● WHAT TO WORK ON:
Omit the images, then repeat the listing exactly.

━━━ SUPPLIED DATA ━━━

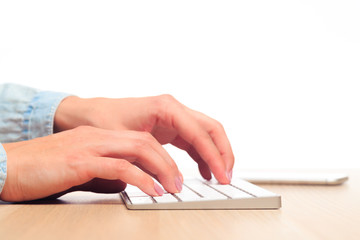 female hands type on a modern wireless keyboard on Office table  - Image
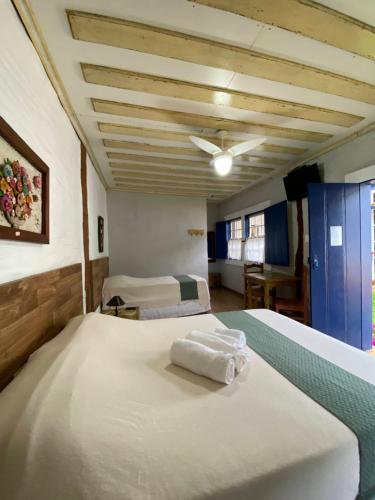 a bedroom with two beds with towels on them at Canto do Bichinho in Prados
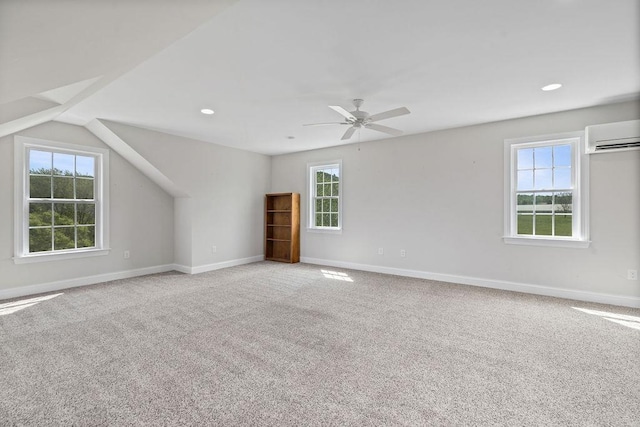 bonus room with an AC wall unit, baseboards, and a wealth of natural light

━━━

● TASK RESPONSE:
 female hands type on a modern wireless keyboard on Office table  - Image
 a bedroom with two beds with towels on them at Canto do Bichinho in Prados
 bonus room with an AC wall unit, baseboards, and a wealth of natural light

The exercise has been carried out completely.